Le foto e l’amore per Girgenti nell’elegante volume “Gente mia”

L’agrigentino Gianfranco Jannuzzo, che tutti conoscono come attore teatrale, noto nel mondo del cinema e della televisione, da sempre coltiva anche la passione per la fotografia. Fin da giovane, infatti, si aggirava tra i vicoli del centro storico, fotografando quel mondo straordinario che era la vecchia Girgenti; dal Rabato a Santa Maria dei Greci passando per la Bibbirrìa. Poi, a tredici anni, il suo trasferimento con la famiglia a Roma e successivamente l’inizio della splendida carriera, grazie alla “scuola” di Gigi Proietti. Però l’amore per la sua Girgenti e per la fotografia, Jannuzzo non l’ha mai abbandonato, tanto che a distanza di decenni è tornato ed ha ripreso a fotografare gli stessi luoghi e le stesse persone di quarant’anni prima, facendo notare, con queste nuove immagini, come le cose, da queste parti, non siano poi molto cambiate. Oggi Gianfranco è riuscito a raccogliere una parte consistente delle sue numerosissime fotografie per farne un libro. Sono foto che raccontano la gente agrigentina, la sua gente, per l’appunto; foto che rappresentano un cammino di anni. Questo lungo lavoro è sfociato nell’elegante volume “Gente mia” edito da Medinova (190 pagine, 28 euro). Collaborato da un altro fotografo agrigentino, Angelo Pitrone, Gianfranco ha messo assieme un centinaio di immagini, tutte rigorosamente in bianco e nero e in nove capitoli ha spiegato la sua passione per la fotografia e l’amore verso la sua città. In copertina, c’è una sua foto, datata 1979, che immortala un momento di vita di una famiglia in Vicolo Arco di Spoto. Nelle pagine che precedono le fotografie, Gianfranco Jannuzzo, racconta e si racconta, facendo riaffiorare vecchi ricordi di quand’era bambino, negli atteggiamenti, nelle parole, nella cultura variegata di una città che ha visto passare greci, arabi, latini, normanni. Nella gente giurgintana, infatti, ci sono mille genti. Le foto dei bambini contenute nel libro, ad esempio, sono tante e tutte così emozionanti: sembra di sentire il loro vociare, l’energia del rincorrersi e la potenza dei sorrisi con cui essi affrontano la vita. Nelle fotografie Gianfranco è riuscito a riprodurre la semplicità della vita di Agrigento. Anche i luoghi parlano. In queste foto, raccontano mestieri e misteri, come le scale che salgono verso qualcosa o verso qualcuno. Questo libro è una sorta di viaggio che merita di essere vissuto; un viaggio tra la gente vera, alla scoperta delle loro parole e dei loro pensieri. 

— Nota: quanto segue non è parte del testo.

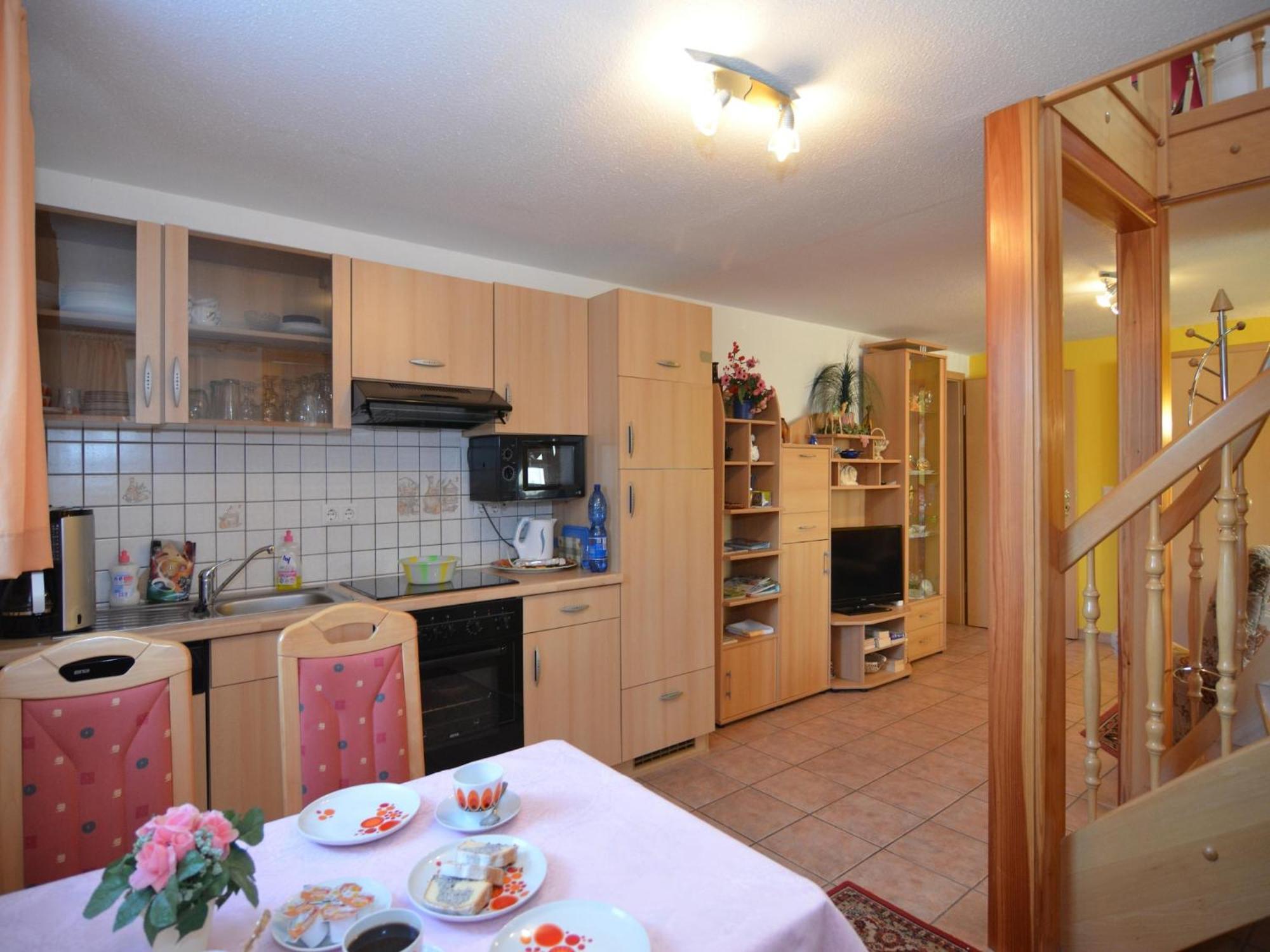 Holiday Home In Neustadt Am Rennsteig With Pond Екстер'єр фото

Confessa l’editore, Antonio Liotta, che le foto di Jannuzzo  assumono i caratteri della liricità, della poesia, della testimonianza senza orpelli e sofisticazioni. “Mi hanno coinvolto in forma totale – dice – sino al punto di decidere, assieme ad Angelo Pitrone, di trasformare il lavoro di Gianfranco in un libro. Un libro che fa rivivere un periodo storico quasi anomalo di una Girgenti misteriosa, araba, maledettamente vera”.

“Le oltre cento immagini che compongono il volume – spiega il curatore Angelo Pitrone – sono state realizzate in due periodi di tempo molto lontani tra loro. Un primo corpus risale alla seconda metà degli Anni Settanta, lasciato maturare nei cassetti per oltre quarant’anni. Una seconda serie di immagini, è stata aggiunta tra il 2017 e il 2020. Ma entrambe hanno lo stesso cuore, la stessa passione; la nostra gente, la nostra città. Le foto che Gianfranco scatta in quei primi anni, sono immagini di bambini che scorrazzano per le strade e i cortili della città vecchia, a volte a torso nudo, sorridenti, ingenui, stupiti di essere l’oggetto di un giovane fotografo. Poi i vecchi che abitavano nei bassi del centro storico, seduti a prendere il fresco davanti la porta di casa. L’assenza di auto e motorini assordanti danno una dimensione straniante alla città. Le foto degli Anni 2017/2020 segnano invece un ritorno sui luoghi, circa quarant’anni dopo. Una lunghissima pausa fotografica, nella quale Jannuzzo ha percorso altre strade artistiche. Forse – conclude Pitrone – un destino, il suo, scritto nel suo Dna, lui figlio di queste pietre di tufo intriso della tragedia greca e della commedia pirandelliana!”.